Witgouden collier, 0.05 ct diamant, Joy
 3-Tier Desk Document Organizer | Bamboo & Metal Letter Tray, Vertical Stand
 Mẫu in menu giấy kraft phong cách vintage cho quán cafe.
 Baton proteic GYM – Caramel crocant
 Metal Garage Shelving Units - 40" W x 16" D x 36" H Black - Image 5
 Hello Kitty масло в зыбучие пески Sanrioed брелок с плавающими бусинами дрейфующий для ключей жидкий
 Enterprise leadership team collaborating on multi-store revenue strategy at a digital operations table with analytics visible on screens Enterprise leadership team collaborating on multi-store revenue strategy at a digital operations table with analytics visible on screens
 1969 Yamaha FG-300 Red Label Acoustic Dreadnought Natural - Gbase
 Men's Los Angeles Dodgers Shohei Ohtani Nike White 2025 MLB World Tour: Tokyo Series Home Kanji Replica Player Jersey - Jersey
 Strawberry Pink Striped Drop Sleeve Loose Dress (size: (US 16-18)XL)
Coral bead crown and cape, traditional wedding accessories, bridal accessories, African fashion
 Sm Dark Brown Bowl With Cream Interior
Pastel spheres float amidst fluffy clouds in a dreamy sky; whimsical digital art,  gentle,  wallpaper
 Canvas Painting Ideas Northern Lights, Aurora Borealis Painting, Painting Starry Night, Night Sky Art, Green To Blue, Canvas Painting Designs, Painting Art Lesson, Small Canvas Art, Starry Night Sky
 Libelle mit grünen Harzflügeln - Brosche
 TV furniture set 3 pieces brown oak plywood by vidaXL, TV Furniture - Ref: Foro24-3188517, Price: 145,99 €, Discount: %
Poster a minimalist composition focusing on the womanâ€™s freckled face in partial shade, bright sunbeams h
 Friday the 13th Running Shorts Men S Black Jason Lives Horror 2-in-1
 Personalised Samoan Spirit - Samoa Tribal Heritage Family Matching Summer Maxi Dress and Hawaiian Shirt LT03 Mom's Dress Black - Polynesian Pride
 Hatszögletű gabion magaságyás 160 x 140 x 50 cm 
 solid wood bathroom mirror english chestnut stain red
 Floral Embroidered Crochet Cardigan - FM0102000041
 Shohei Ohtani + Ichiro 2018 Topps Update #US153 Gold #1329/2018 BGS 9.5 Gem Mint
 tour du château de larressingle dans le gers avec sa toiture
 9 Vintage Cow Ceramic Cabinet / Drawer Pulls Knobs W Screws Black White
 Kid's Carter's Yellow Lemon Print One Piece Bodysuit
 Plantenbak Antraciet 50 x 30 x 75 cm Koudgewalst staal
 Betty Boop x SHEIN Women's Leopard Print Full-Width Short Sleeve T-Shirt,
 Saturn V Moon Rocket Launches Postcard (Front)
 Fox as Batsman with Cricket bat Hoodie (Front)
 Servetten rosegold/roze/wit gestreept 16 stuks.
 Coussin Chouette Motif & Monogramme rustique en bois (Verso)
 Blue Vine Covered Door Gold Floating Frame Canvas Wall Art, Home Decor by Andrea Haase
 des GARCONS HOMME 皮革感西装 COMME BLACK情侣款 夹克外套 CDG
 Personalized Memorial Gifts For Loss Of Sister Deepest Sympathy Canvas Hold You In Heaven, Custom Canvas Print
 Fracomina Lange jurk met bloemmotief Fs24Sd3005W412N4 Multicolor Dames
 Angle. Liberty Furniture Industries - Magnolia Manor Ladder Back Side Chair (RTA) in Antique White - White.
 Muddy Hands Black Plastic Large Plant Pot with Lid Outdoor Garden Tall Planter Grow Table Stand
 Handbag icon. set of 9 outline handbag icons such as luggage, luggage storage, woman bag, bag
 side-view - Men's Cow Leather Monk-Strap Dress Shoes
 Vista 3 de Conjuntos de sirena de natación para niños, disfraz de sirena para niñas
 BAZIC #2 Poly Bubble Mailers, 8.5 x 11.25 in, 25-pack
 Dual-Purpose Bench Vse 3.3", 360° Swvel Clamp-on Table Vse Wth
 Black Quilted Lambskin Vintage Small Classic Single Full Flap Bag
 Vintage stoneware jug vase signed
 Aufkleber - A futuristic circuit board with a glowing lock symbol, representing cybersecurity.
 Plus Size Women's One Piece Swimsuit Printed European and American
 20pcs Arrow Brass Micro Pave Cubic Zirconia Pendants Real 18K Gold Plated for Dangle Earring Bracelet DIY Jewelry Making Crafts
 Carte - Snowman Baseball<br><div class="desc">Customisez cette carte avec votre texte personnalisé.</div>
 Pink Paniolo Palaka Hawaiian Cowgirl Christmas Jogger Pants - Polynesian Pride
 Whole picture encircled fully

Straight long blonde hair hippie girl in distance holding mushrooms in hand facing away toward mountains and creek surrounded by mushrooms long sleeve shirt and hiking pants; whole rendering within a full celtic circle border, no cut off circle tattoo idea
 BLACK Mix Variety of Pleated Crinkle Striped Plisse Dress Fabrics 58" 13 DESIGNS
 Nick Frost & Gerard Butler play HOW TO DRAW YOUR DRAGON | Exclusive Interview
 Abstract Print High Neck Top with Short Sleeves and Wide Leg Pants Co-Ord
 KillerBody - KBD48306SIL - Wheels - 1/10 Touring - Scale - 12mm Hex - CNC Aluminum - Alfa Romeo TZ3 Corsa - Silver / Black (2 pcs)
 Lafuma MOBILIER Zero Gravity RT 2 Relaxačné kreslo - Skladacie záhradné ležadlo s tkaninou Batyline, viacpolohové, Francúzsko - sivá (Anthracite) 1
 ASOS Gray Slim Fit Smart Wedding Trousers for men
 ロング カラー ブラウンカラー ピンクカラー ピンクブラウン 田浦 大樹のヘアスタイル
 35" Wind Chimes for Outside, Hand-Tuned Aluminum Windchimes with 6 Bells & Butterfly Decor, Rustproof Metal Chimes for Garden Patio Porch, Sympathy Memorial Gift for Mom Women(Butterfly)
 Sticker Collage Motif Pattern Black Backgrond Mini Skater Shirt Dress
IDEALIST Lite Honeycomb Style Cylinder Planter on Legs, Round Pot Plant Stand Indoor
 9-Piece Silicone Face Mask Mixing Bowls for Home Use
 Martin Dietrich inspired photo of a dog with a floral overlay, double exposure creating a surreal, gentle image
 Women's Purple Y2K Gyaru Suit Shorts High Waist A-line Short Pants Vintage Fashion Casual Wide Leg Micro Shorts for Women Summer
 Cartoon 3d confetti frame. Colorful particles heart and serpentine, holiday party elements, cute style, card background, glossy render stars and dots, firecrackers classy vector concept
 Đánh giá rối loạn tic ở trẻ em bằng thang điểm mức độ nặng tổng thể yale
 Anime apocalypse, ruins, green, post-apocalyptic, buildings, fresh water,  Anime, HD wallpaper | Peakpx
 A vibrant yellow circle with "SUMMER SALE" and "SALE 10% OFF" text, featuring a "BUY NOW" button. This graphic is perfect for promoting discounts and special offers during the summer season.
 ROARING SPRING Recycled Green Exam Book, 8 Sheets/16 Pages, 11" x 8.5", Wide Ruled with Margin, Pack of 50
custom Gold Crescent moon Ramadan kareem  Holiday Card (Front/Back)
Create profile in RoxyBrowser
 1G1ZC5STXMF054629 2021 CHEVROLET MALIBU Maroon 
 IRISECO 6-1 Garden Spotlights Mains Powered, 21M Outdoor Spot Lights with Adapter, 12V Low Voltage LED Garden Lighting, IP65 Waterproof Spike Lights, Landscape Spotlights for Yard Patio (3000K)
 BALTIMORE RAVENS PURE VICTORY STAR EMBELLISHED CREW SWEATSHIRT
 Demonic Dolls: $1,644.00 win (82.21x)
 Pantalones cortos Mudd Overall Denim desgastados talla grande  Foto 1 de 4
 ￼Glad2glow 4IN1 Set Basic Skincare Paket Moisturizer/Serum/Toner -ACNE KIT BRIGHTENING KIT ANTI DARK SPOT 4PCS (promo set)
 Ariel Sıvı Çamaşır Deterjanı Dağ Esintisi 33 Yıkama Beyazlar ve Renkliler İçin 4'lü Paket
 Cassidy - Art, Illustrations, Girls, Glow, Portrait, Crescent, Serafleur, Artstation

+++

Goal of the exercise: From the records above, quote only the lines running from the line with "Straight long blonde" to the line with "9-Piece Silicone Face", both lines included.

Exercise result:
Straight long blonde hair hippie girl in distance holding mushrooms in hand facing away toward mountains and creek surrounded by mushrooms long sleeve shirt and hiking pants; whole rendering within a full celtic circle border, no cut off circle tattoo idea
 BLACK Mix Variety of Pleated Crinkle Striped Plisse Dress Fabrics 58" 13 DESIGNS
 Nick Frost & Gerard Butler play HOW TO DRAW YOUR DRAGON | Exclusive Interview
 Abstract Print High Neck Top with Short Sleeves and Wide Leg Pants Co-Ord
 KillerBody - KBD48306SIL - Wheels - 1/10 Touring - Scale - 12mm Hex - CNC Aluminum - Alfa Romeo TZ3 Corsa - Silver / Black (2 pcs)
 Lafuma MOBILIER Zero Gravity RT 2 Relaxačné kreslo - Skladacie záhradné ležadlo s tkaninou Batyline, viacpolohové, Francúzsko - sivá (Anthracite) 1
 ASOS Gray Slim Fit Smart Wedding Trousers for men
 ロング カラー ブラウンカラー ピンクカラー ピンクブラウン 田浦 大樹のヘアスタイル
 35" Wind Chimes for Outside, Hand-Tuned Aluminum Windchimes with 6 Bells & Butterfly Decor, Rustproof Metal Chimes for Garden Patio Porch, Sympathy Memorial Gift for Mom Women(Butterfly)
 Sticker Collage Motif Pattern Black Backgrond Mini Skater Shirt Dress
IDEALIST Lite Honeycomb Style Cylinder Planter on Legs, Round Pot Plant Stand Indoor
 9-Piece Silicone Face Mask Mixing Bowls for Home Use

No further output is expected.